21 juin [1849], jeudi matin, 5 h. ½

Avant de partir pour ce triste et pieux pèlerinage annuel [1], il faut que je retrempe mon courage et que je puise de la résignation dans ton doux souvenir, mon adoré bien aimé. Si je ne t’avais pas, qu’est-ce que je ferais sur la terre, mon Dieu ? Mais tant que tu m’aimeras, tout ce que tu voudras bien de mon amour, j’aurai le courage de vivre loin de mon pauvre ange envolé. Tout à l’heure, je serai sur la route de Saint-Mandé. Je penserai à toi pour adoucir l’amertume de mes regrets et pour me donner la confiance et l’espoir d’une meilleure vie. De ton côté, mon Victor adoré, ne m’oublie pas, prie pour moi et aime-moi. J’ai le cœur plein d’ineffables tendresses et de douloureuses pensées. Je pleure et je bénis, je souffre et je me cramponne à la vie pour t’aimer plus longtemps. Mon cœur oscille du ciel et à la terre sans oser choisir celui des deux où il aimerait mieux être tant que tout ce qu’il aime et regrette ne sera pas réuni dans la même demeure.
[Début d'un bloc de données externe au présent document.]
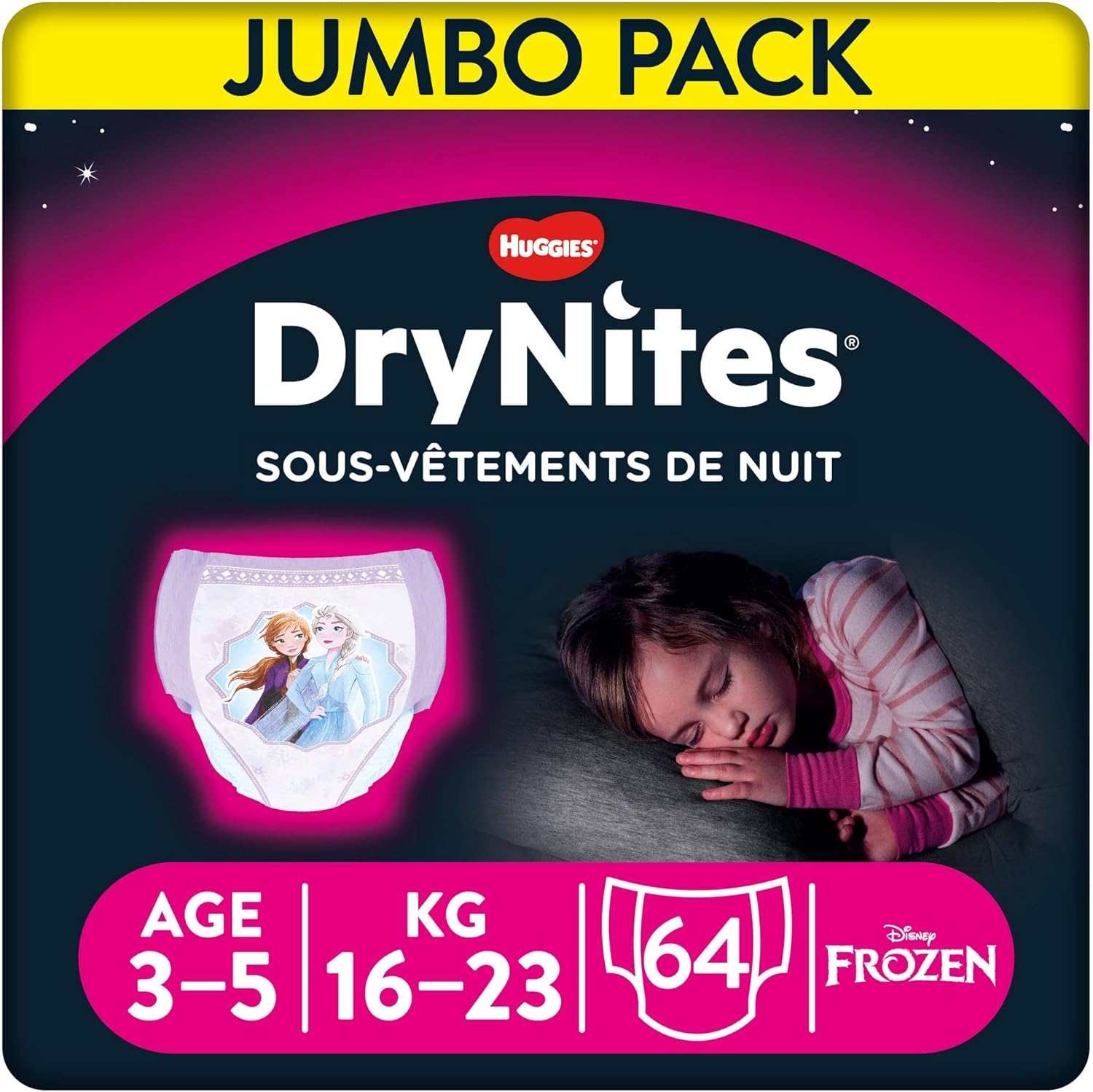 Detalle de HUGGIES DryNites: culottes de nuit ultra-absorbantes pour filles 3–5 ans (12–21 kg) – 4 paquets de 16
Je ne sais ce que je t’écris mon bien aimé, j’ai la tête malade, il me semble que j’achève péniblement un affreux rêve dont ton amour est le réveil. Je te bénis, je t’aime, je t’adore. Pense à moi, plains-moi et tâche de me voir tantôt, j’en aurai bien besoin.

Juliette

MVHP, MS a8228
Transcription de Michèle Bertaux et Joëlle Roubine


21 juin [1849], jeudi soir, 7 h. ½

Je tâche de me persuader que tu viendras avant d’aller chez Dupin pour ne pas me laisser empoisonner par le chagrin, ce à quoi je suis trop disposée aujourd’hui. Mais peut-être eût-il été plus prudent à toi de venir en sortant de l’Assemblée parce qu’à tout prendre, tu es libre de tes mouvements tandis qu’une fois rentré chez toi, tu ne t’appartiens plus. Si tu savais, mon pauvre bien aimé, combien cette journée pèse à mon cœur depuis ce matin, tu te hâterais d’en venir soulever le poids avec moi afin qu’elle marque moins douloureusement dans ma vie. Quand je pense à mon isolement et à mon inutilité dans ce monde, je me sens prise d’un profond désespoir.
Mon pauvre bien aimé, je manque de courage et de résignation dans ce moment ci parce qu’il y a bien longtemps que je ne t’ai vu et que j’ai peur de ne pas te revoir ce soir, mais dès que je t’aurai embrassé, dès que tu m’auras dit quelques bonnes paroles de consolation et d’amour, je reprendrai ma vie avec courage. Jusque là il faut que je me laisse aller à mon chagrin contre lequel je n’ai pas la force de réagir et que tu aies l’indulgence et la bonté de me pardonner. Tâche de venir, mon Victor désiré, et pense à moi dont tu es la religion sainte.

Juliette

MVHP, MS a8229
Transcription de Michèle Bertaux et Joëlle Roubine

Notes

[1Juliette se rend sur la tombe de sa fille Claire Pradier, morte le 21 juin 1846, et enterrée à Saint-Mandé.